I still have a hard time saying “body” normally. I think it was 7th grade health class when our teacher was saying “body” this and “body’ that without whispering or any hesitation that I began to understand that the rest of the world said body and meant body. I said body and thought “dead person in the basement” .

Being a funeral director’s kid is pretty tough. Other kids were always asking me if I slept in a coffin. Didn’t I wish!!! Or if I saw dead bodies or ghosts. Well, duh, I lived over a funeral home. The only kid who was really kind of mean about it was the grave digger’s kid. How’s that for ironic? Overall it was a good childhood to have. I was part of our family business. I was always in charge of dusting the legs of the tables and chairs before calling hours and checking all the supplies in the bathroom. I did eventually learn how to answer the phone and take messages and how to stand calling hours. I still use my silent walking skills to my advantage and I can get the jist of any program on tv without hearing a word. Body puddy and embalming fluid aside, it was a good life.

Drunk Uncles


gotta love 'em


Everyone has a “drunk uncle”. You know you do. He’s the guy at family parties who shows up half in the bag and then proceeds to stick his feet in the fireplace, or fall down the stairs. He’s the favorite of the children, he is the bane of the adults.

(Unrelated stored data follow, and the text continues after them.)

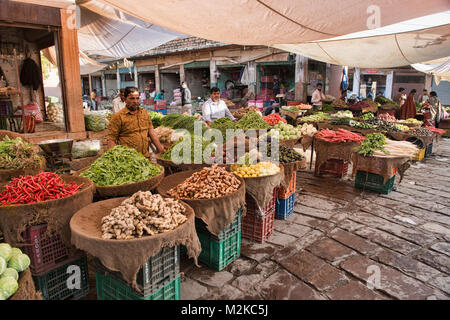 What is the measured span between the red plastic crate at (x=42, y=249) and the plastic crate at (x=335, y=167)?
5786mm

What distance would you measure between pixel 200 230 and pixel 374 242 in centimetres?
239

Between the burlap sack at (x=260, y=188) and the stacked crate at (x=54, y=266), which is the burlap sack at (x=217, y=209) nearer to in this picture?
the burlap sack at (x=260, y=188)

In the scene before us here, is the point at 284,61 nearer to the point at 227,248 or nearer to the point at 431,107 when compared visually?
the point at 431,107

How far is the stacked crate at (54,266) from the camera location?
241 centimetres

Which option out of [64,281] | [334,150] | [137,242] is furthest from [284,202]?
[64,281]

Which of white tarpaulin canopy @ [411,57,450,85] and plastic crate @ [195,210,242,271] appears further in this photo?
white tarpaulin canopy @ [411,57,450,85]

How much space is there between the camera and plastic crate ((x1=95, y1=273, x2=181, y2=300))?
2.33 m

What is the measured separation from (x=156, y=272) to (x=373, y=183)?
507 centimetres

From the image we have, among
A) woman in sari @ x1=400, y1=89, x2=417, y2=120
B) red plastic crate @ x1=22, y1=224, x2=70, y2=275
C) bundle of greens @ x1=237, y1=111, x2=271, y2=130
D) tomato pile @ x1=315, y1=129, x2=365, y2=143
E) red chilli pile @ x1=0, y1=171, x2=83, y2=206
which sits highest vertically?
woman in sari @ x1=400, y1=89, x2=417, y2=120

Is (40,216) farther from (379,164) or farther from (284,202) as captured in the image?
(379,164)

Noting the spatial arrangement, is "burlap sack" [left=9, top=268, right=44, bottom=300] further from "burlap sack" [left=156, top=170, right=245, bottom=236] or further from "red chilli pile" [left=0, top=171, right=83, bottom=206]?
"burlap sack" [left=156, top=170, right=245, bottom=236]

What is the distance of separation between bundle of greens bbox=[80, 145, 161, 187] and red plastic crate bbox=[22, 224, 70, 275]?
732 mm

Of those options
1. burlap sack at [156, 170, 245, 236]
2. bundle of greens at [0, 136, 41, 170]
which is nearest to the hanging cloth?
bundle of greens at [0, 136, 41, 170]

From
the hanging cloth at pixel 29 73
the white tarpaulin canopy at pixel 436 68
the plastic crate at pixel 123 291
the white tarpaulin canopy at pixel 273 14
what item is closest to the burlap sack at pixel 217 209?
the plastic crate at pixel 123 291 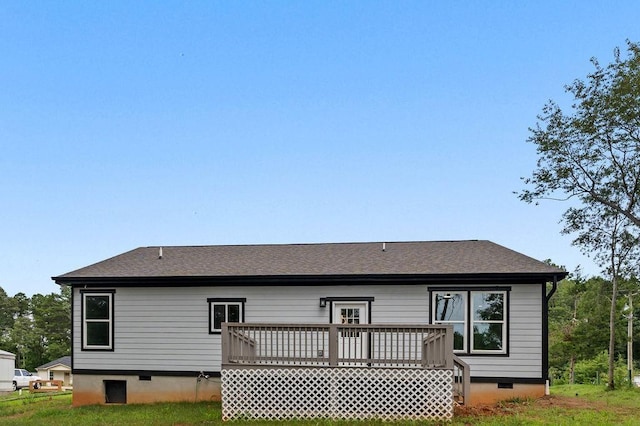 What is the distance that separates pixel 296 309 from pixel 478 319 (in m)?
4.11

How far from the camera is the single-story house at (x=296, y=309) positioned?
12.1 meters

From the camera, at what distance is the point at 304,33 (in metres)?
19.6

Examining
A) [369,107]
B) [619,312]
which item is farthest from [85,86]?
[619,312]

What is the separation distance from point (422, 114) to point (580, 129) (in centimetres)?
503

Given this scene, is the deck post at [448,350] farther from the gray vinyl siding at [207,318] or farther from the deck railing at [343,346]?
the gray vinyl siding at [207,318]

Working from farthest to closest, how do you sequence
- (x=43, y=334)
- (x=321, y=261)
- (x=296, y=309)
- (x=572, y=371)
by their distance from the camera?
1. (x=43, y=334)
2. (x=572, y=371)
3. (x=321, y=261)
4. (x=296, y=309)

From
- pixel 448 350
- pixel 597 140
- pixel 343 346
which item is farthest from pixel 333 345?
pixel 597 140

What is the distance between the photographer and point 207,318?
13414 millimetres

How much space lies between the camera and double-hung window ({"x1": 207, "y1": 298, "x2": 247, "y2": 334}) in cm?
1335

He is generally funny and only shows up for family functions like Christmas or Thanksgiving or a baptism. The “drunk uncle” is always fun at church events.  

My “drunk uncle” eventually moved in with us. At that point, he wasn’t so much fun. He had the disease of alcoholism. That is a very nasty disease. And contagious. Alcoholism does not just effect the alcoholic, but the entire family. It makes those who love the alcoholic do really insane things. And generally they do these things totally sober. So, the alcoholic has the excuse of being drunk when they do stupid things, the family does not. Bizarre.  

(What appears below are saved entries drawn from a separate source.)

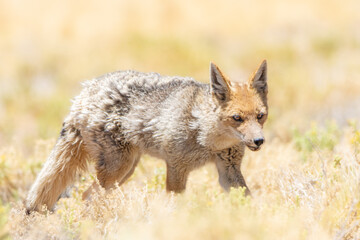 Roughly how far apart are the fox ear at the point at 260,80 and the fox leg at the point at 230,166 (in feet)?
2.16

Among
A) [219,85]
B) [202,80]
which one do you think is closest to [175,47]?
[202,80]

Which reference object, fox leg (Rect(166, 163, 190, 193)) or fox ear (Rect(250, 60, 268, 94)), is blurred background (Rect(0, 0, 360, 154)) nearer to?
fox ear (Rect(250, 60, 268, 94))

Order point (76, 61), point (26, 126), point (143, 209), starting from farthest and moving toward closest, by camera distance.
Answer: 1. point (76, 61)
2. point (26, 126)
3. point (143, 209)

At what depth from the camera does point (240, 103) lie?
5188mm

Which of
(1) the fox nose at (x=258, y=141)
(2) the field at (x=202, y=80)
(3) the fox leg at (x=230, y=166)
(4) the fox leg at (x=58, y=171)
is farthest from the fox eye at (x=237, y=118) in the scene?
(4) the fox leg at (x=58, y=171)

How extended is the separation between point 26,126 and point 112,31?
600 cm

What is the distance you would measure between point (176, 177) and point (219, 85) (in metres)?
1.08

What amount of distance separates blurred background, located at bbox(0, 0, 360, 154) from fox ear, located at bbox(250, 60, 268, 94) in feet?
17.5

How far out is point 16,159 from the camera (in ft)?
24.2

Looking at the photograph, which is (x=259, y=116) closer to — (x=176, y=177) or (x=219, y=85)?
(x=219, y=85)

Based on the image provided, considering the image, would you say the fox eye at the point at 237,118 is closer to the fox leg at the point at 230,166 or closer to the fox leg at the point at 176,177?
the fox leg at the point at 230,166

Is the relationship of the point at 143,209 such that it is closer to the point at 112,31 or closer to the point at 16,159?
the point at 16,159

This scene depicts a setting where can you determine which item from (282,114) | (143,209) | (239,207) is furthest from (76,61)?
(239,207)

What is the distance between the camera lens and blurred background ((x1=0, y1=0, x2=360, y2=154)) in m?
12.1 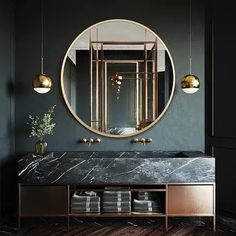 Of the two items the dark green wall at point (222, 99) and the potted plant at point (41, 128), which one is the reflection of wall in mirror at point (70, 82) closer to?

Now, my uncle was funny. He had a very dry, sarcastic wit. By the time I came along, his rage had left him and he was resigned to dying from the disease. He drank without any boundaries. He had wet brain and reverse tolerance. But even still, he could come up with these one liners that would give me the giggles for hours.  

Just before my grandmother died, her washing machine was acting up. It was a big dilemma whether or not we should bother fixing it because my grandma was in the hospital after breaking her hip, so would she even be able to get down the cellar stairs to do the laundry? After much debate, my mother decided that the washing machine should be fixed because if she came home she would want it to be working. We just couldn’t think of grandma not being able to do the things she always did. We couldn’t imagine our tiny, spunky, matriarch not cooking dinner and doing laundry or any of the hundreds of things she did in a day. As it turned out, getting the washing machine fixed didn’t matter in the grand scheme of things. It never really does, does it?  

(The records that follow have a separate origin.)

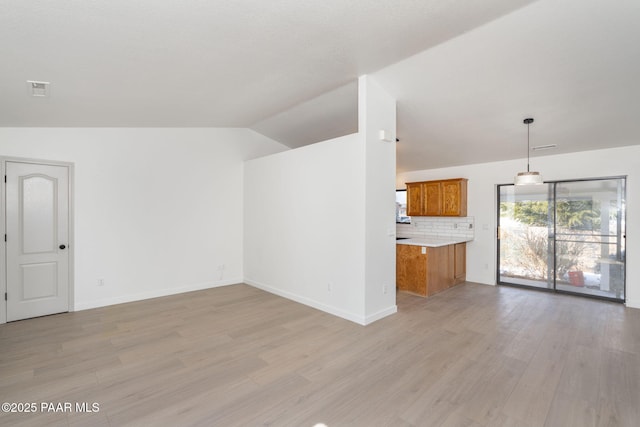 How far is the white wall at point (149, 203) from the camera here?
436 cm

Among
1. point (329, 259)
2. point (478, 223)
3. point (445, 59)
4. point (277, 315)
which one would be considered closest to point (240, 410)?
point (277, 315)

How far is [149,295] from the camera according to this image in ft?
16.3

We were at my grandmother’s calling hours. My uncle and I were standing in the receiving line shaking hands, saying thank you for coming and looking pretty rough.  My uncle was drunk-ish and every so often I would have to put a hand out to steady him.  The rest of the family was circulating and visiting, leaving me to watch my uncle so that he didn’t fall over or take someone down in the middle of a sorry- for- your- loss-hug.  

Towards the end of the line was a little old lady, a friend of a friend of the family. So, she comes along and gives us the hug and the look of sympathy and as she is holding one of my uncle’s hand and one of mine she says “It will all come out in the wash……” and she left us standing there, staring after her, lost in our grief. Until my uncle turned to me and said “Well, It’s a good God damn thing we got the washer fixed then, isn’t it?” At which point the two of us burst out laughing and drew looks of horror and recrimination from the family and all the guests. We had to hold each other up we laughed so hard.  

So, drunk uncles are not always the best under pressure and they may be annoying or embarrassing, but you can always count on a drunk uncle to take an unbearable situation and make it a laugh riot in the most inappropriate, unacceptable way. Go give your drunk uncle a hug.